俺がそうして笑うと、ゆうこはしばらくして小さく笑った。


「ずっとそばにいる恵子さんたちがうらやましくて。でも今一緒にいられるから最近はね、あんまりうらやましいとか思わなくなったよ」

「おう、まぁそうだな。これからもずっと一緒にいるしな」

「うん」


ゆうこが嬉しそうに笑う。

それが可愛くて隣に座っていたソファで、身体の向きを変えてキスを落とす。

ゆうこが応えるように俺のシャツを掴む。

何度もキスを交わして、舌を差し込むと、ゆうこがビクンと体を揺らした。 

ゆうこが着ていたワンピースを脱がすと、恥ずかしそうに身を縮める。

もう何度だって見たのにいまだに恥ずかしいらしい。


胸が高鳴るのを感じながら、下着だけになったゆうこをソファに倒す。


「まだ昼間だけどいい?」

「だめって言ったらどうなんの?」

「拒否権はないけど」


ゆうこが笑う。

どうやらダメではないらしい。

首元に顔を埋めると、ゆうこがくすぐったそうに背中を反らせた。


華奢な背中を抱く。

長い脚が上に伸びて、俺が体に触れるたびにしなる。

綺麗な顔が快感で歪んでもどこか冒されない神聖なところがある。


そういうところが好きだ。

もちろん快感でめちゃめちゃになっているところを想像しないでもないけど、それも何となくゆうこではない気がする。



高校の頃、頭がおかしくなったのかと思った。

熱に浮かされたみたいに、一日中何をしているときもゆうこの事しか思い出せなくて、何をしていたって、残像みたいに頭に焼き付いていた。

考えて、考えて、恋をしているんだと自覚したら、背中を見ただけで胸が焦げ付くようになった。
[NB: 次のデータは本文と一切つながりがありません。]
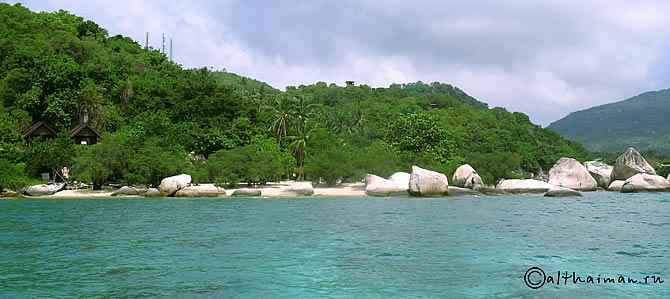 KOH TAO KOHTAO KOTAO KO TAO ISLAND_ОСТРОВ КОХ ТАО КО ТАО ТАУ КОТАУ КОТАО КОХТАО ТАИЛАНД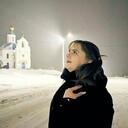 ���������� ��������, ���� ������� ����, 28 ���, ������������ ��� ������, ����� � ���������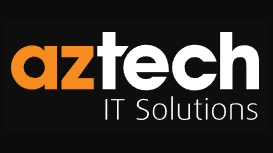 AZTech IT Solutions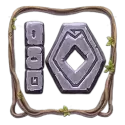 icon 10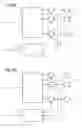Fig. 05 - Device for transmission of communication signals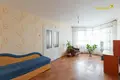 Квартира 4 комнаты 100 м² Минск, Беларусь
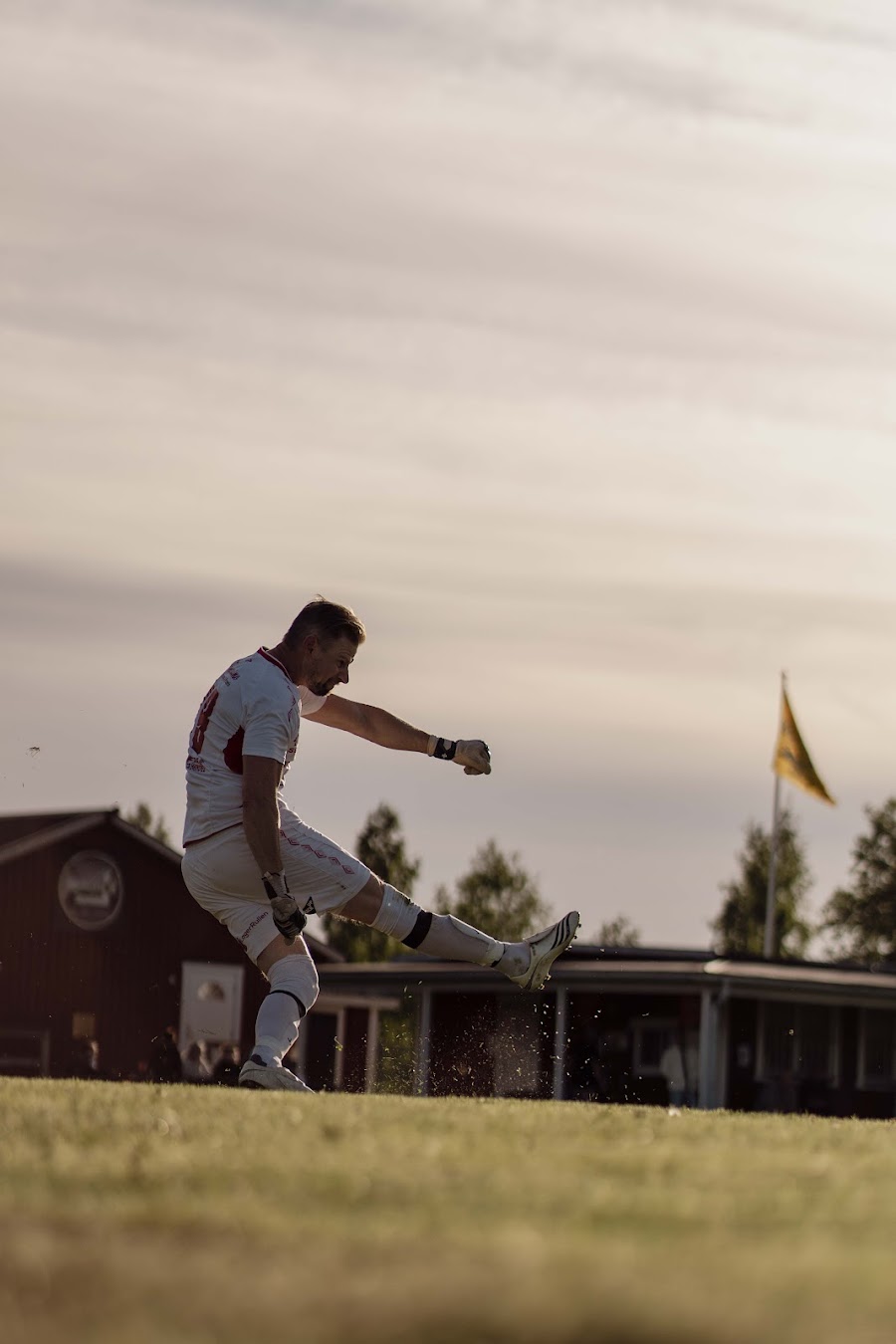 Hidingsta IK vs FK Dardania (185 of 275)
それは卒業したって消えなくて、どれだけ綺麗な人に会ったって、ゆうこを思い出した。

あいつはこんなに軽率じゃなかったとか、こんなに馬鹿じゃなかったとか、もっと上品だったとか、そんな事ばかり思いついては他人を排除した。


矢野祐子は特別だった。

家族を持たなかった俺の唯一の一番星。 


「ゆうこ、愛してる」

「……うん、私も」


ゆうこが笑う。

高校の時より大人になった顔で、目じりにしわを作って笑ってくれる。


それだけで生きてきて良かったと思う。

ゆうこは俺の人生の光だ。

恥ずかしいからなかなか言えやしないけど、ゆうこにだけ一生愛を注ぐと誓う。


長い髪が首にかかって、さらさらとソファに落ちる。

それだけで愛しい。

その髪を掬い上げてキスを落とすと、ゆうこが俺をじっと見て「好き」と囁いた。 


幸せな日々。

それもこれもあの頃の日々の色んな葛藤があったからこそかと思うと、青すぎた日々もそう悪くないかと最近ようやく思う。

ゆうこを好きになった最初の一ページ。

不器用で、痛々しくて、みっともなかったけど、今思い返せばそれも全部愛しき日々に変化した。


「ちかちゃん……っ」


ゆうこが切羽詰まった声で俺を呼ぶ。


好きで好きでたまらなかった。

恋をしていた。

胸が焦げ付くほどの恋に翻弄されていた。



…………今も同じだ。

いつまで経っても変わらない。

ゆうこの声に応えるように体のラインに手を添わせながら、二人してソファに深く沈み込んだ。